La scène est un apprentissage constant
Lorsqu'on exerce un métier publique, sa vie privée est mise en avant malgré soi. C'est compliqué à appréhender ?
Je pense que tous les artistes ont un peu le même paradoxe au fond de leur coeur. Moi je n'aime pas ça du tout. Je voudrais juste qu'il y ait des gens dans ma salle de concert, en fait. Si je pouvais ne pas avoir de réseaux, m'abstenir de faire des interviews, juste faire de la musique et de la scène, je serais la plus heureuse du monde ! Que personne ne te calcule et que tu puisses faire ta life, ce serait génial. Mais on sait bien que ça ne marche pas comme ça, donc il faut l'accepter, jouer le jeu.
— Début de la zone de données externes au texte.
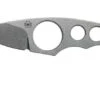 Amare Knives A-Max Stonewashed AM-SW Neck Knife, Uli Hennicke Design -Famous Knife Shop AS AM SW 01 amare knives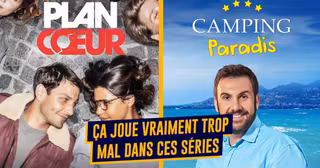 top series mauvais jeu 2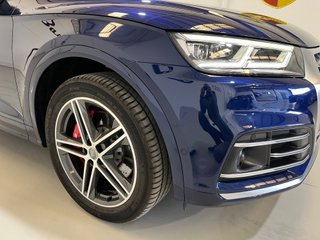Audi SQ5 SQ5 tdi quatro tiptronic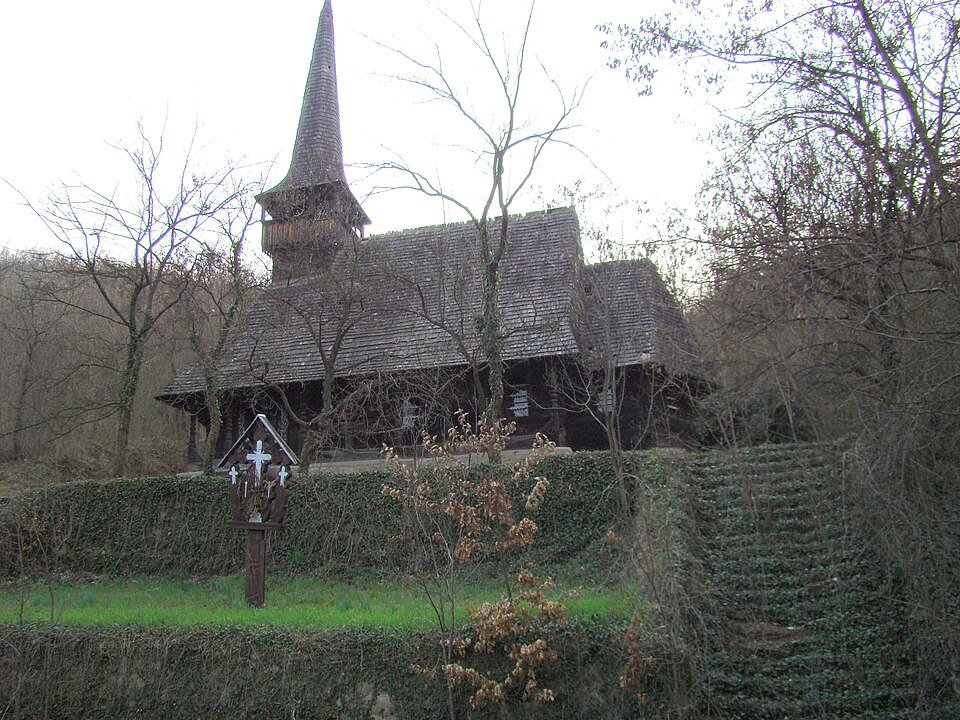 Biserica de lemn din Tămașa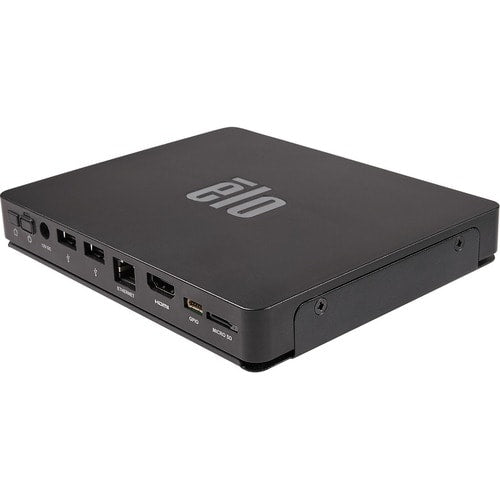 Soporte de montaje Elo para mini PC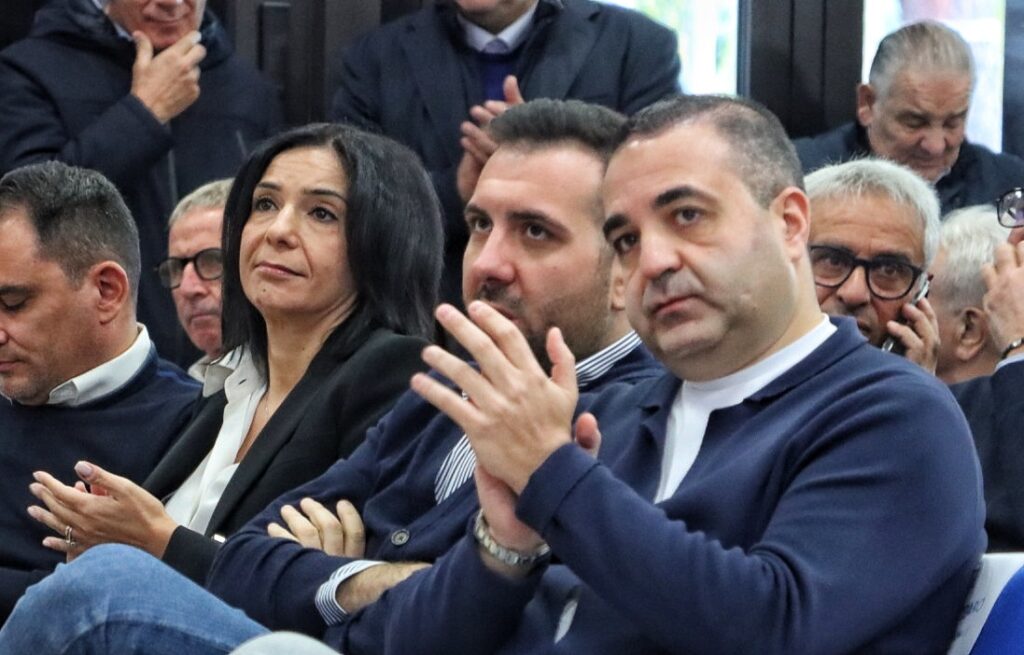 Assemblea Forza Italia Reggio Calabria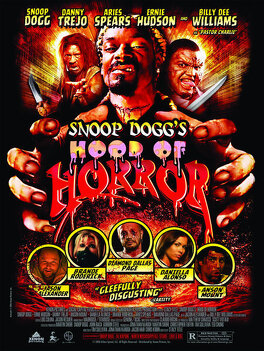 Affiche du film Hood of Horror
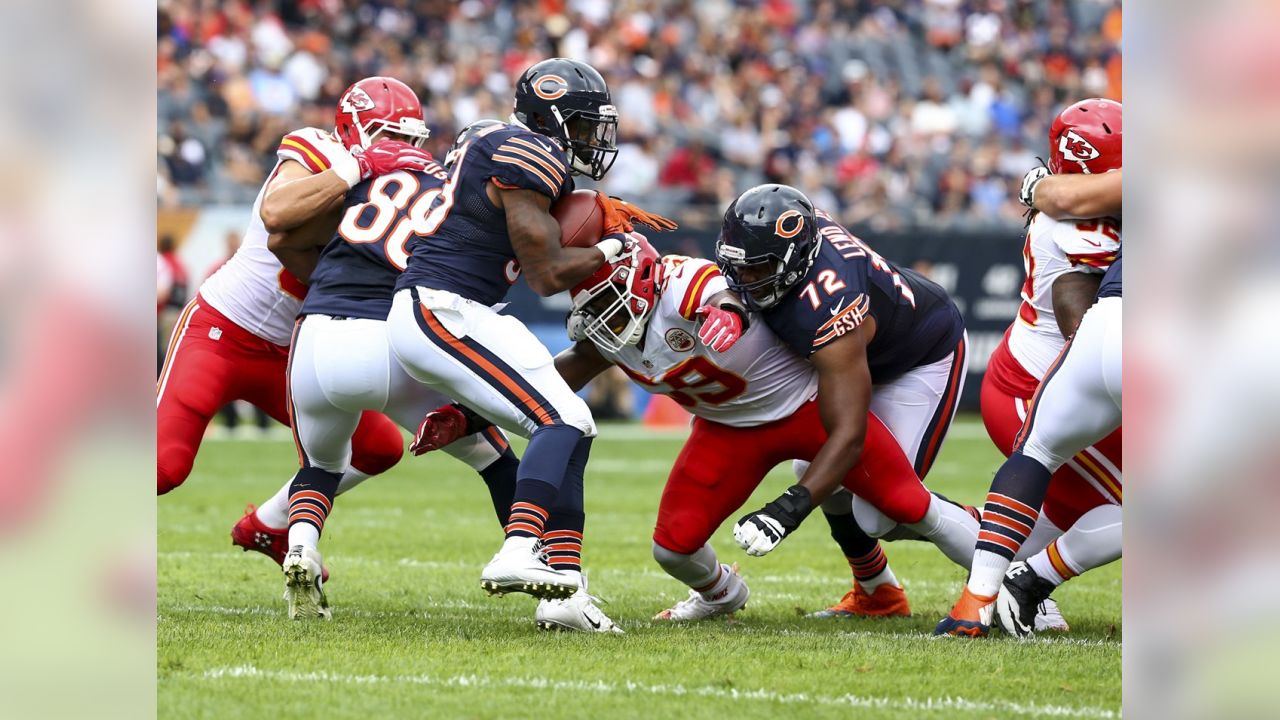 Alshon Jeffery's 49-Yard Catch Leads to Jeremy Langford's TD Run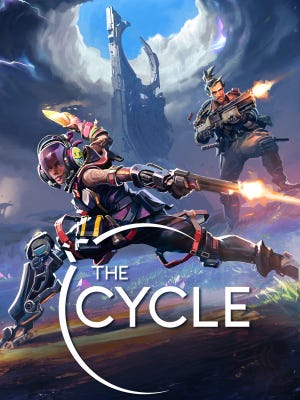 Caixa de jogo de The Cycle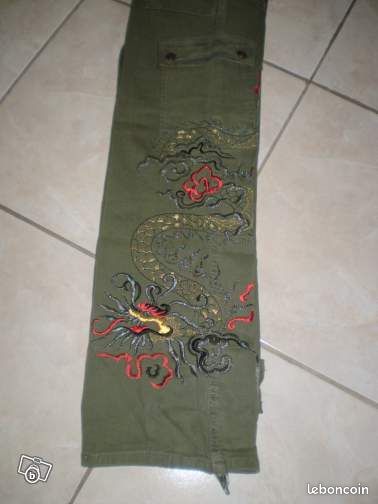 Pantalon kaki (image 3)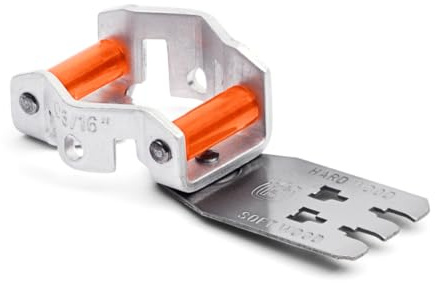 Feilenhalter mit Tiefenbegrenzer passend für Husqvarna X-CUT SP21G 0.325 mini Original 595004701 Schärfhilfe Feilenführung Kettenfeile Kettenschärfer Motorsäge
J'ai envie que ça marche mais pas pour être célèbre, parce que la musique c'est toute ma vie. Quelque part, j'ai eu beaucoup de chance avec le groupe parce qu'on était une entité, on n'était pas très identifié séparément. Ce sont les chansons qui étaient très connues, pas nous !

Tu vas partir en tournée en 2023. Toi qui a déjà fait des Zéniths avec le groupe, de nombreux festivals, recommencer par des petites salles, c'est une façon de ne pas brûler les étapes ?
Ah oui, pour moi c'est essentiel. Il n'a jamais été question de faire des grosses salles, on part en club avec des salles de 300, 400 places. Il faut tout réapprendre ! Pour le coup, je le sais, la scène ce n'est jamais acquis. C'est un apprentissage constant. Tu peux répéter autant que tu veux, peut-être qu'il n'y a rien qui va marcher comme c'était prévu ! Tu ne connais pas ton public tant que tu ne l'as pas rencontré, et ça qui est excitant. J'ai besoin de me construire au fil des concerts. Là j'ai commencé les répétitions, je forme un nouveau groupe sur scène, il faut trouver une cohésion. Ce n'est pas forcément des conditions faciles parce qu'on va être dans un petit van à huit sur toutes les routes. C'est fini les grands tourbus. (Rires) Mais ce n'est pas grave. C'est le début de nouveaux horizons.